Mark Halperin Would Very Much Like to Be Famous Again
LatestEighteen months after being accused of sexual harassment and assault by nine women, Game Change author Mark Halperin thinks its probably time we all start letting him be famous again.
Many former colleagues have accused Halperin of unwanted sexual advances, which Halperin acknowledged at the time as pursuing “relationships with women that I worked with, including some junior to me,” adding “I now understand from these accounts that my behavior was inappropriate and caused others pain.”
After the allegations surfaced, Halperin lost his commentator jobs with MSNBC, NBC, and Showtime, as well as a deal to adapt Game Change into an HBO miniseries. Now he’s in the beginning throes of a comeback, aided by tentative nods in the direction of support from powerful friends like MSNBC’s Joe Scarborough and Mika Brzezinski. The process is straight from a playbook offering step-by-step instructions on the ways men accused of awful behavior can attempt to rehab their images without addressing the behaviors that caused those image problems.
According to The Washinton Post, Halperin has begun tweeting again, started a blog where he resumes political commentary, and appeared on CNN contributor Michael Smerconish’s Sirius XM radio show three times in the past month.

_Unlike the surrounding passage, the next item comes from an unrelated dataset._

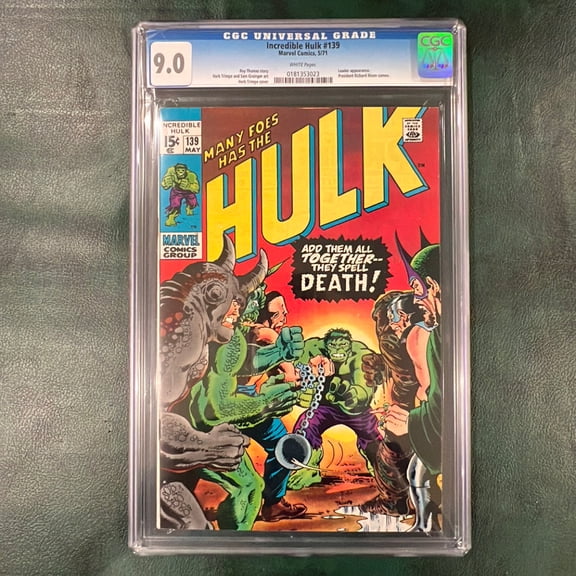 Incredible Hulk #139 - CGC 9 Comic Book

The Daily Beast offers more detail into the picture of a man trying to gauge whether the shitstorm has died down:
“Halperin called the top editor at The Hill, the Washington-based political newspaper, to ask about job prospects, but was told there were no openings; Halperin was spotted having lunch in December with TiVo Chief Executive Tom Rogers at Manhattan’s media-centric Michael’s Restaurant, and, earlier last year, dining at the Washington political watering hole Charlie Palmer’s with senior presidential adviser Kellyanne Conway.”
Despite saying they would report on the situation impartially, friends Joe Scarborough and Mika Brzezinski seem to have been testing the waters for him for a long time. In 2017, Brzezinski urged accusers to listen to Halperin’s side of the story in a face-to-face meeting, and The Daily Beast reports that the pair also had plans to bring him back for an online analysis of the 2018 midterms, an idea that was eventually scrapped.

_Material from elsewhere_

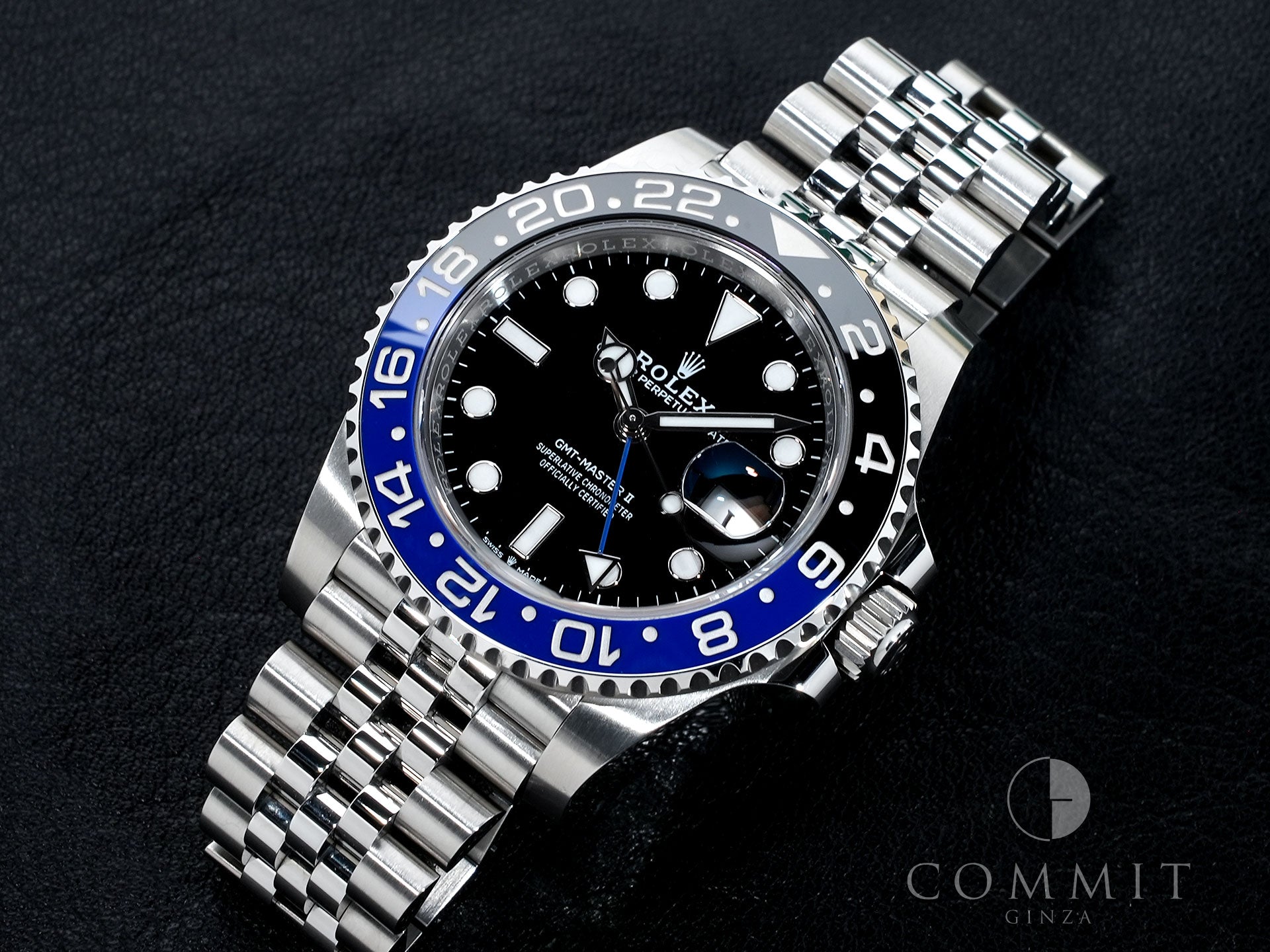 Pre-owned Rolex GMT-Master II Ref. 126710BLNR Stainless Steel Black Dial Jubilee Bracelet k9949c7t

Many of Halperin’s accusers have noted how easily many in the industry are willing to accept him back into the fold, as the Post article notes:
Attorney Dianna Goldberg May, who was the first of Halperin’s former colleagues to publicly accuse him, said, “It troubles me that he is more concerned with rehabilitating his career than demonstrating any semblance of understanding the gravity of the harm he caused so many women. And the fact that his friends in broadcast are enabling this effort is appalling. Mark is asking for a seat at a table in a profession where credibility and integrity are everything, now more than ever. I’m not convinced he has earned the right to occupy such a venerable position.”
Now that the initial period of waiting it out seems to have ended, it is likely that the man accused of rubbing his fully-clothed but erect penis against co-workers in a place of business will most likely be given his seat back just as soon has he completes the second step: appearing adequately but vaguely remorseful.

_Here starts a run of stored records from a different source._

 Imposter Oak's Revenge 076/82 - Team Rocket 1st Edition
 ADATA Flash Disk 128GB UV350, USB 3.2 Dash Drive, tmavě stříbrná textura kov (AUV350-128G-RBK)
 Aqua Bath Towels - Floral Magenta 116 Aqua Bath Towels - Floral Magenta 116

And he seems to have moved into phase two full force. On Smerconish’s show, he alluded to the allegations by saying, “I wasn’t a perfect person when I made these mistakes. I’m not a perfect person now. I’m happy to be judged by perfect people” while also insisting that he’s now talked to “hundreds” of women about why his behaviors were a problem:
“I’d like to take the opportunity to again apologize to the women that I mistreated, who told their stories, and who were hurt by me,” Halperin told Smerconish before launching into a heartwarming account of his volunteer work with former prisoners at the Fortune Society, a convict rehabilitation nonprofit, and a pundit-like analysis of Sen. Bernie Sanders’ presidential campaign.
“Were hurt by me.” Always the passive voice. Anyway, look for Halperin’s next best-seller in a bookstore near you in about two years or wait for the HBO series that will begin production as soon as executives have decided enough time has elapsed to plausibly explain that men who say they are sorry deserve second chances.